Describing itself as a ‘springboard for young musicians’, Orchestre Ostinato is a Paris-based orchestral academy for young talent, designed to bridge the awkward gap between studying and the profession. The two-year apprenticeship offers paid opportunities for young musicians to get to know core orchestral repertoire through intensive rehearsals and concerts, in addition to participating in side-by-side schemes with established ensembles, including l’Académie de l’Opéra national de Paris, to build experience of the profession from within.
Alongside its regular concert work, performing everything from baroque to contemporary music, classical, ballet, and opera, Orchestre Ostinato undertakes many educational and community projects, an initiative that Chloé Dufresne, one of the orchestra’s five Artistic Directors, strongly believes in.
Dufresne, a conductor of international renown, having worked with the Helsinki Philharmonic Orchestra, Orchestre de Chambre de Paris, and Los Angeles Philharmonic, is now at the helm of Ostinato along with conductor Julien Leroy, pianist/conductor Jean-François Heisser, cellist Anne Gastinel and violinist Pierre Fouchenneret.

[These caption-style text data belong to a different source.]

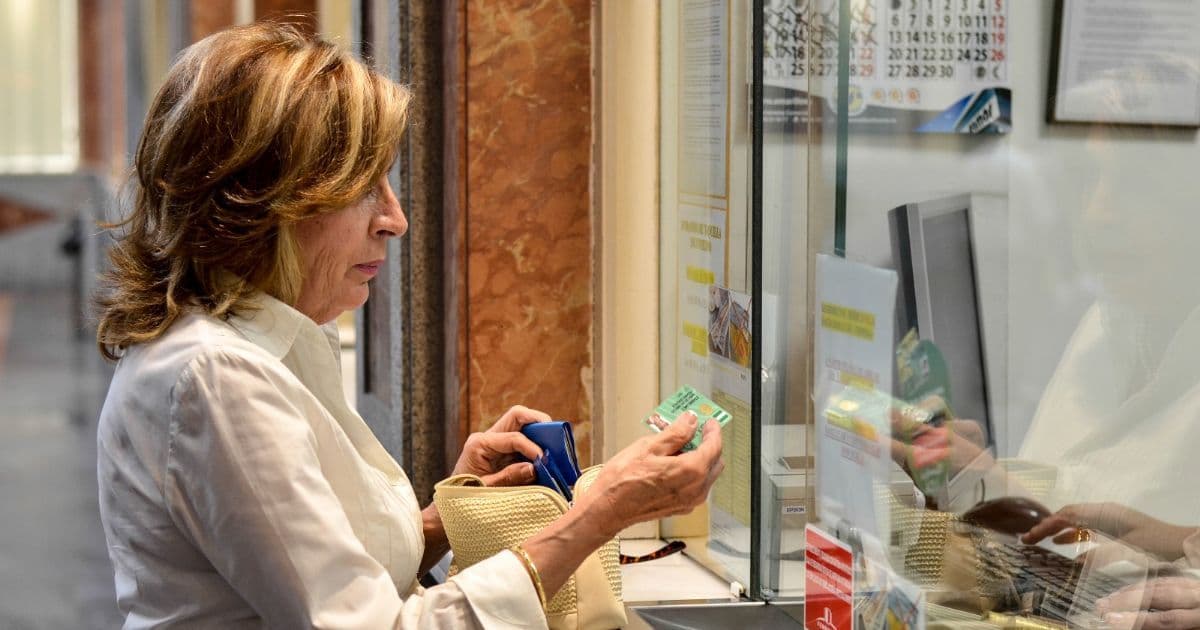 Más de 30.000 mayores solicitan la Tarjeta Andalucía Junta 65 en el primer semestre de 2026
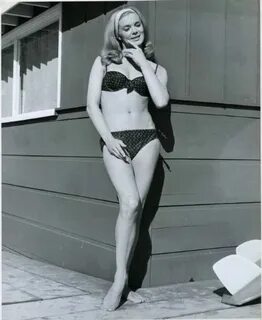 Picture of Linda Evans Linda evans, Bikini pictures, Bikinis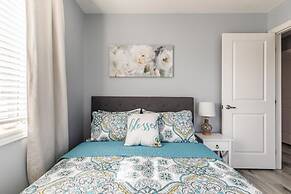 Modern 3BR House Steps to the Beach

The appointment of five Artistic Directors of Ostinato was part of a recent announcement of a new direction for the orchestra, and I chatted to Dufresne about her hopes for the organisation and the vibrancy and versatility that having a varied board of directors inspires in the young participants.
Concert de l’Orchestre Atelier Ostinato Dvorak/Rimsky-Korsakov
How did you and the other Artistic Directors come to be involved with Orchestre Ostinato?
I knew Julien Leroy by name, but I’d never met him before. He contacted me and asked if I would be interested in this kind of orchestra, and how we could imagine a new musical direction full of new ideas.
We decided this orchestra should have new energy for its new era, a younger energy, one which also maybe should attract different players from different backgrounds and from different countries.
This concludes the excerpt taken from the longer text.